───── Data listing ─────

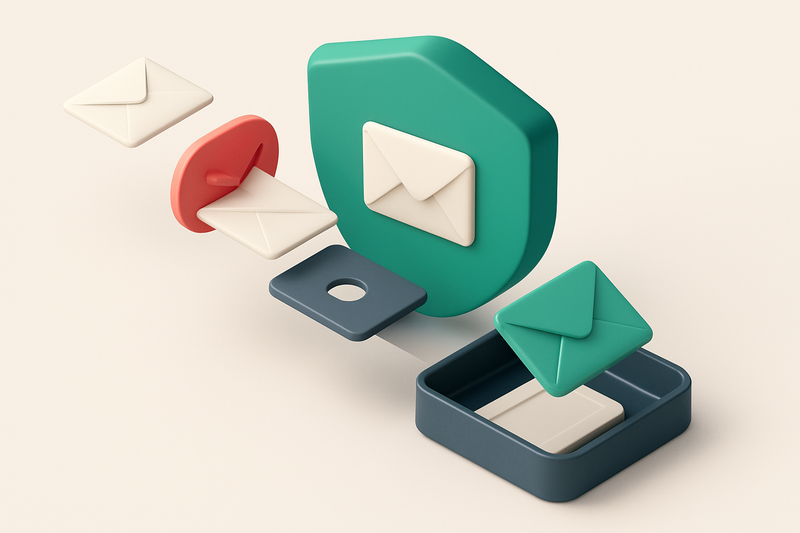 Hero: an isometric view of a large, green 'inbox' shield with an incoming stream of envelopes, one labeled 'invalid' bei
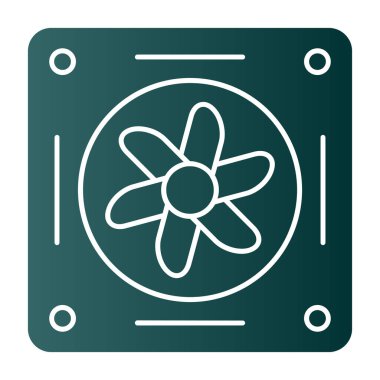 Soğutucunun vektör çizimi. Havalandırma fan çizimi, pictogram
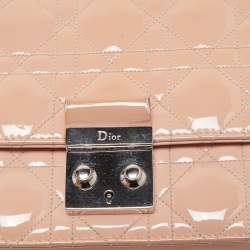 Pre Owned Dior Pink Cannage Quilted Patent Leather Miss Dior Medium Promenade Pouch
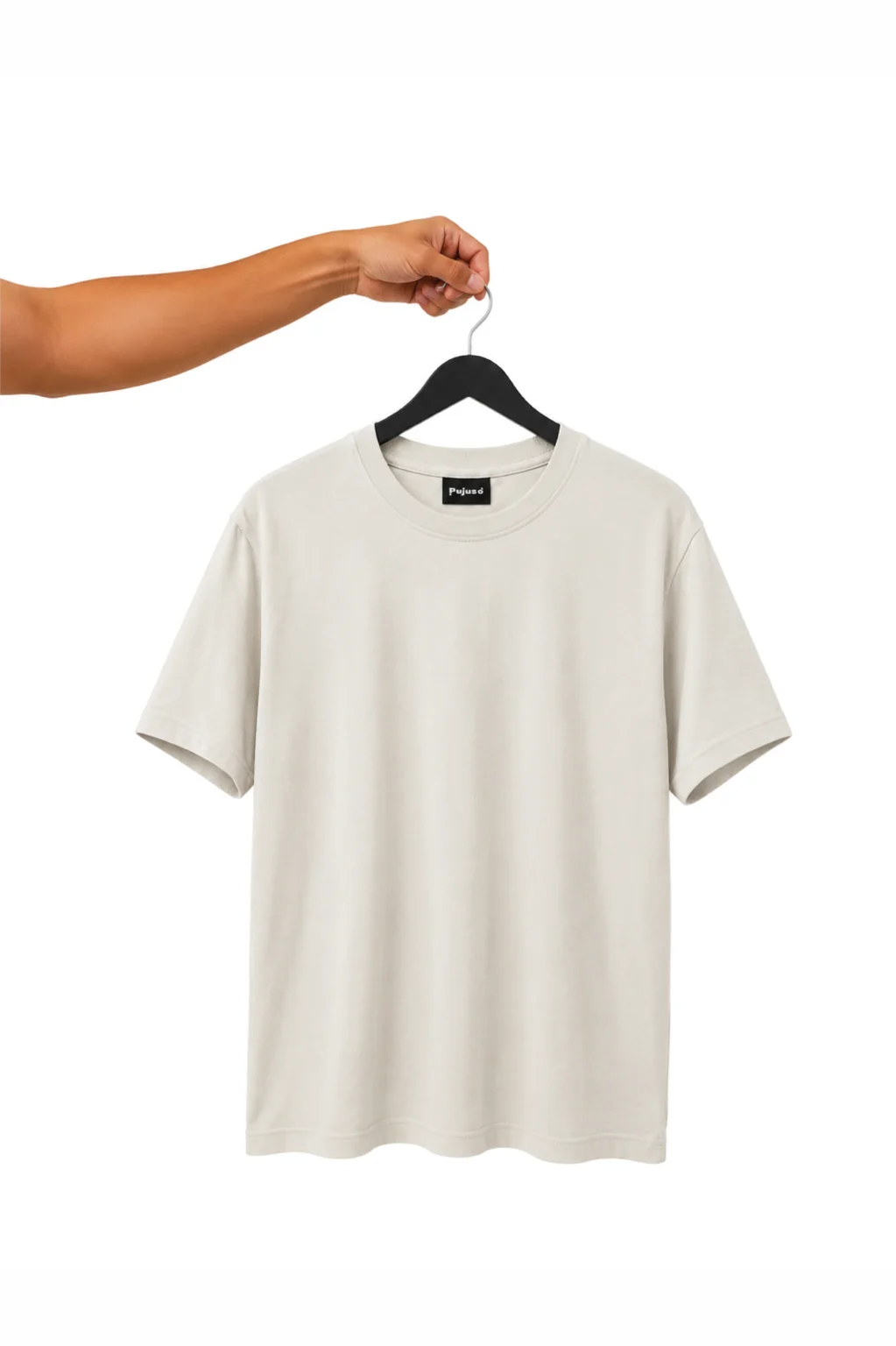 remera básica polera cuello redondo 100% algodón peruano color hueso pujusó industria boliviana hecho en santa cruz de la sierra bolivia calidad premium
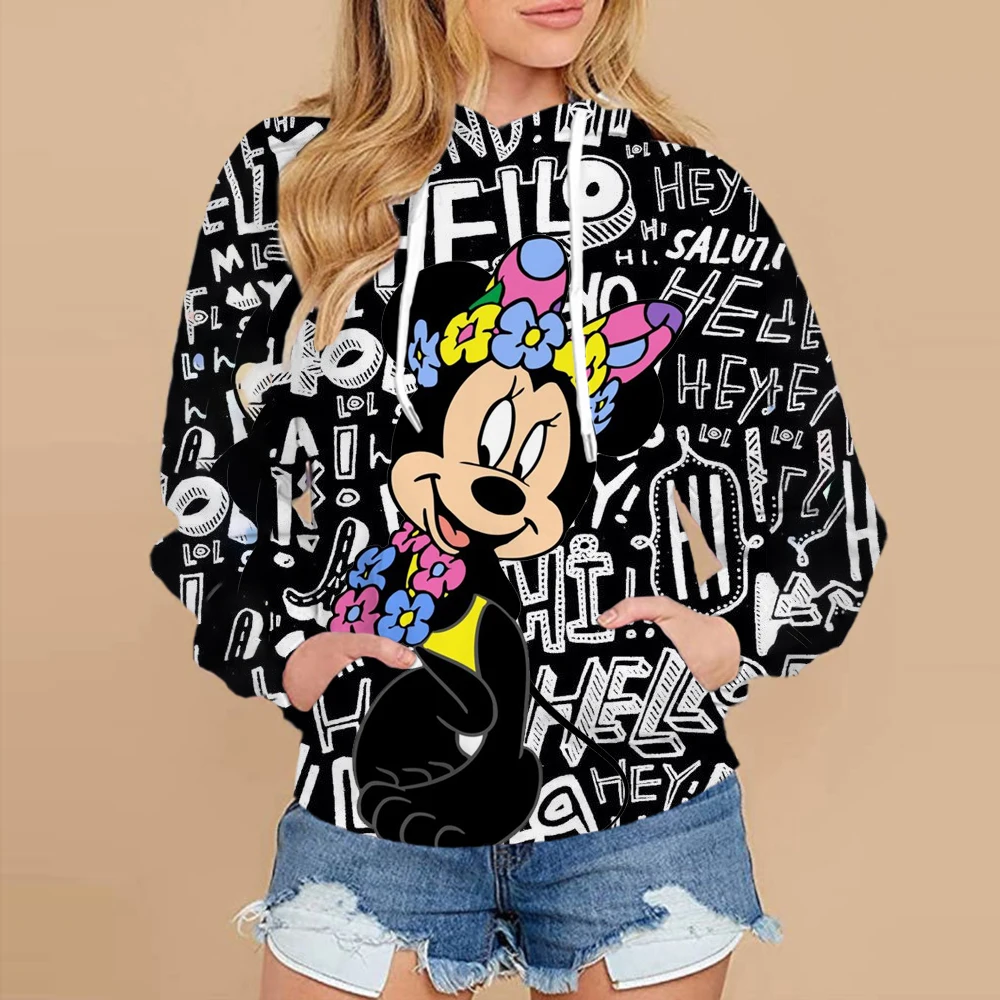 Disney Mickey Minnie Mouse 3D bluza z kapturem bluzy mężczyźni kobiety moda Casual fajny sweter chłopcy dziewczęta Harajuku Streetwear bluzy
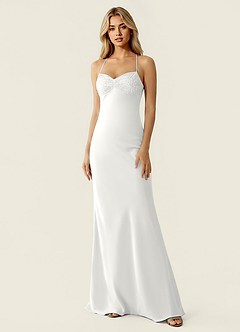 Valerianaire White Beading Satin Prom Dress image4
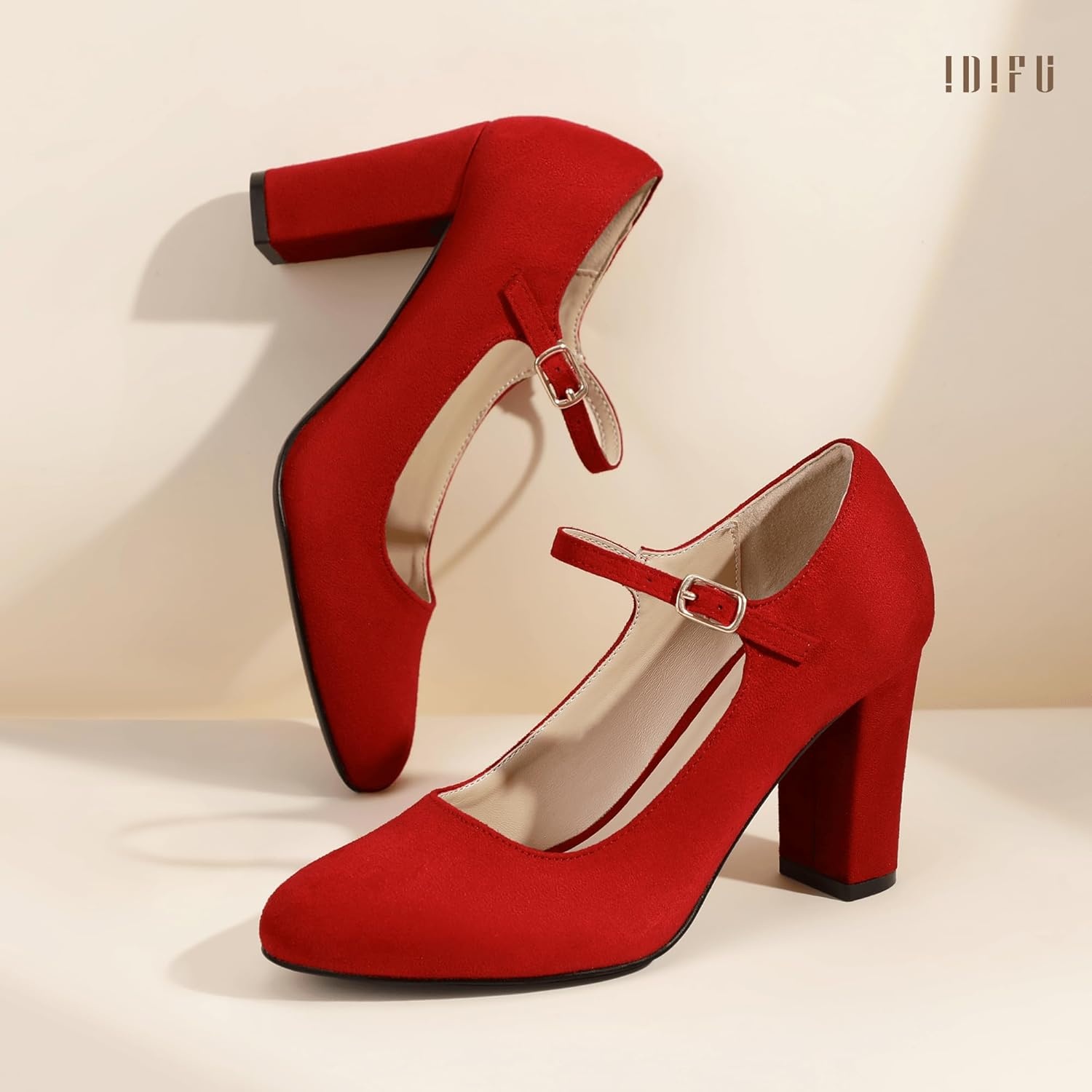 image:imageIDIFU IN4 Womens Pumps Mary Jane Dress Shoes for Women Closed Toe Heels High Chunky Block Heels Dressy Wedding Bride Prom Graduation Business Heels Comfortable Formal Vintage Round Toe Pumps ShoesRed Suede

─────

### Task description
Word for word, reproduce all of the data, but keep out the pictures.

### Solution for this exercise
 Hero: an isometric view of a large, green 'inbox' shield with an incoming stream of envelopes, one labeled 'invalid' bei
 Soğutucunun vektör çizimi. Havalandırma fan çizimi, pictogram
 Pre Owned Dior Pink Cannage Quilted Patent Leather Miss Dior Medium Promenade Pouch
 remera básica polera cuello redondo 100% algodón peruano color hueso pujusó industria boliviana hecho en santa cruz de la sierra bolivia calidad premium
 Disney Mickey Minnie Mouse 3D bluza z kapturem bluzy mężczyźni kobiety moda Casual fajny sweter chłopcy dziewczęta Harajuku Streetwear bluzy
 Valerianaire White Beading Satin Prom Dress image4
 image:imageIDIFU IN4 Womens Pumps Mary Jane Dress Shoes for Women Closed Toe Heels High Chunky Block Heels Dressy Wedding Bride Prom Graduation Business Heels Comfortable Formal Vintage Round Toe Pumps ShoesRed Suede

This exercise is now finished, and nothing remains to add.